Da trent’anni negli Stati Uniti le spese per il personale militare sono costanti. Sono aumentate le spese (e i ricarichi truffaldini) delle agenzie di contractor. Ma nulla di sostanziale a favore delle grandi industrie. Le spese per la ricerca e lo sviluppo militare sono anch’esse stabilizzate. Si è anzi delineata la crescente dipendenza militare dalla ricerca privata. E così sono diminuiti gli investimenti per i grandi progetti strategici. Le guerre su tutti i fronti hanno infatti aumentato solo le spese per i consumi correnti: uomini (comprese quelle per gli addestramenti intensivi, le indennità per i feriti, i traumatizzati e i superstiti dei caduti), mezzi da combattimento, equipaggiamento, carburanti, missili, munizioni… Il presidente Obama ha provato a correggere questa “anomalia” con la diminuzione dell’impegno bellico e i compromessi politici.
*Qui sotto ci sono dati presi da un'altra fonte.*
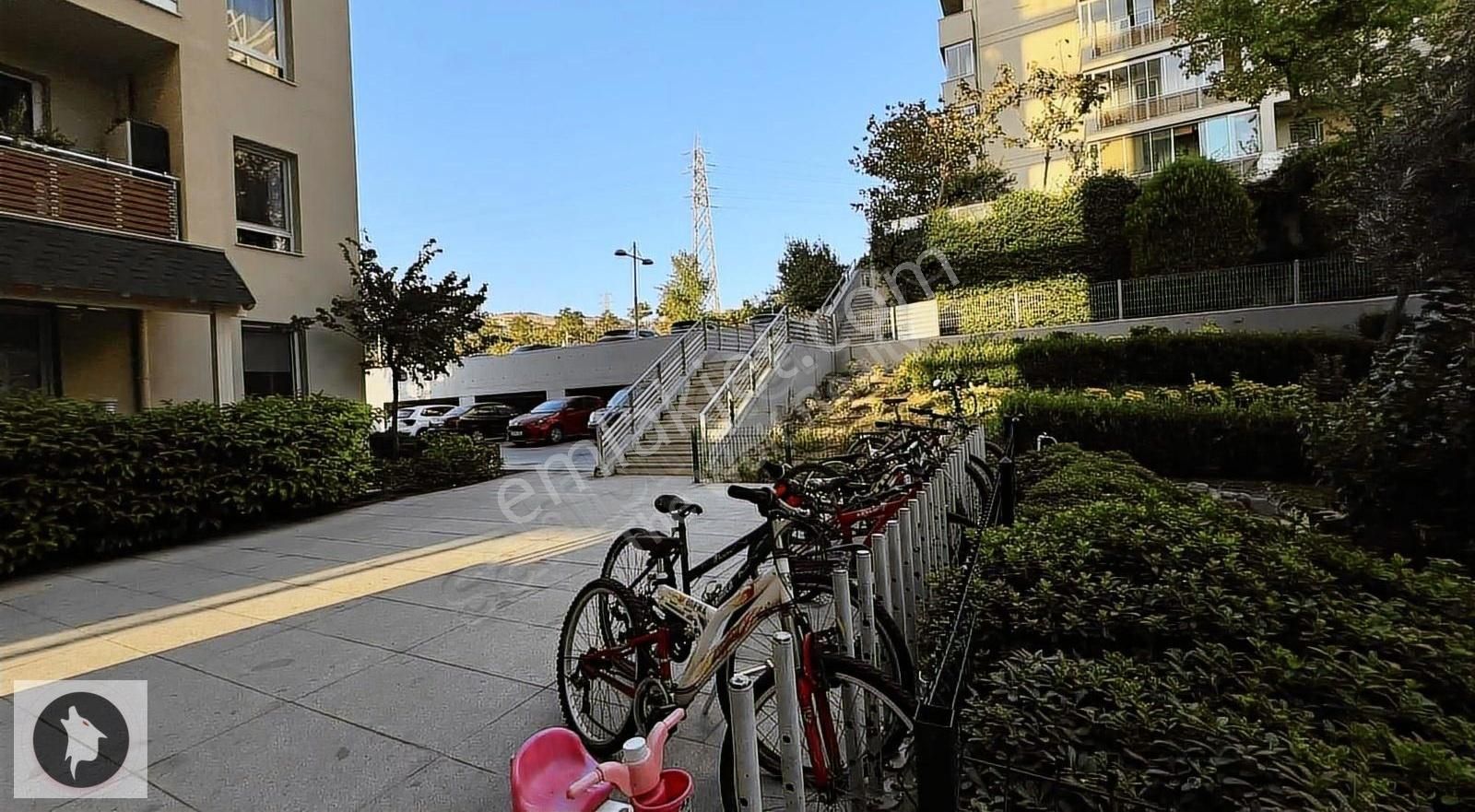 Karşıyakada Satılık Daire Özel Bahçeli 5+1 Dubleks - Görsel 17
Ha ridotto la presenza militare in combattimento privilegiando le azioni singole e isolate (droni, Cia, forze speciali). Così i conflitti sul terreno hanno perso capacità risolutiva, il morale delle truppe è diminuito, la popolarità del presidente è crollata e la credibilità della potenza militare americana è stata gravemente compromessa. Obama si è trovato impantanato in conflitti vecchi e ne ha aperti nuovi altrettanto inconcludenti. Trump vorrebbe recuperare credibilità personale ricorrendo alla forza militare, ma è un gioco pericoloso quanto quello tentato dal suo predecessore.
Nessun presidente americano ha mai pensato a sfruttare la potenza militare se non per gli interessi commerciali, politici e industriali di alcuni gruppi di potere. La stessa casta militare è completamente asservita a tali gruppi e il proposito di riaprire una nuova era di terrore nucleare li trova completamente conniventi. In America e altrove.